There are several dimensions across which the available data sources can complement one another. The most apparent is that different data sources contain different attributes or field types. Different sensors generating data streams target hosts of different operating systems, hardware platforms, and locations. Data streams are also collected at different characteristic intervals.  Data streams collected from multiple sensors can complement one another providing a more continuous and complete view of the host population over time.
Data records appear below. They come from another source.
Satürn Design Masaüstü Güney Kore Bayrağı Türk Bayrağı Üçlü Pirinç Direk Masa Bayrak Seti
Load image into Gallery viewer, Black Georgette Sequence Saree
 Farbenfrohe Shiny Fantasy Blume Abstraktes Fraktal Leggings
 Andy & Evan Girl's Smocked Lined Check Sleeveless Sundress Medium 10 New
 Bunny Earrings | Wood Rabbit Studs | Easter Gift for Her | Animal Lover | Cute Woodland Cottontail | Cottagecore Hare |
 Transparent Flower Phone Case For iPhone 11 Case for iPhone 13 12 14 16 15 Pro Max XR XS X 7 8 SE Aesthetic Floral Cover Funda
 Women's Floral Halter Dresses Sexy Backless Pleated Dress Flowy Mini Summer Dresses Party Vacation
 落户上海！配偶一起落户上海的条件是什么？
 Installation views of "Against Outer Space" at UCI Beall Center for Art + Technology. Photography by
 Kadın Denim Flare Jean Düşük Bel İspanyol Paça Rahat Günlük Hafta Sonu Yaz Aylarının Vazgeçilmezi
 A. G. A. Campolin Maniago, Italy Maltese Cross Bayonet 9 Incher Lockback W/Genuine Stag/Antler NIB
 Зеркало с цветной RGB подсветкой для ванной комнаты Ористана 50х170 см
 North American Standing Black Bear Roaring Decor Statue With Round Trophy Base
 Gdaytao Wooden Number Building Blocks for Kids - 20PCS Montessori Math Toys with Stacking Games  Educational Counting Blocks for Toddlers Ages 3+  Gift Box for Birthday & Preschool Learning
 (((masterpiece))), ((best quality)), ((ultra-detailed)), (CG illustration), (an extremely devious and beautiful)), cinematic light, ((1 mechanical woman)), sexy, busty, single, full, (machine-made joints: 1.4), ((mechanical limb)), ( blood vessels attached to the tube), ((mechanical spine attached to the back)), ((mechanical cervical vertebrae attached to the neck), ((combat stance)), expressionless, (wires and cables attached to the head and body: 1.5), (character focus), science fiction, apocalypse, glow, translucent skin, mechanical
Different sources of data are reliable over different time intervals, and the reliability of individual fields can vary within a single data source. Combining data sources is challenging because a useful overlap must have a matching field type, time interval, and visibility to the same host. The number of fields in a data source extracted from a log file can get very large, while individual records are sparsely populated. Even within a single log file, there are often different types of events reported, each with a different subset of fields. Overcoming these challenges to provide an accurate timeline of user and host activities is the primary goal of this research.

5. Approach

We have developed a prototype system to catalog unique hosts (including virtual machines) on a network and built a timeline of network events associated with each host. We begin by describing how we reduce the dimensionality of the raw data collected. In contrast to ER in medical, intelligence, or law enforcement communities, equating an entity in one record to a corresponding entity in another record typically does not have a lot of support from overlapping values in the data. We experiment with different mechanisms for combining evidence from multiple records to bolster the support.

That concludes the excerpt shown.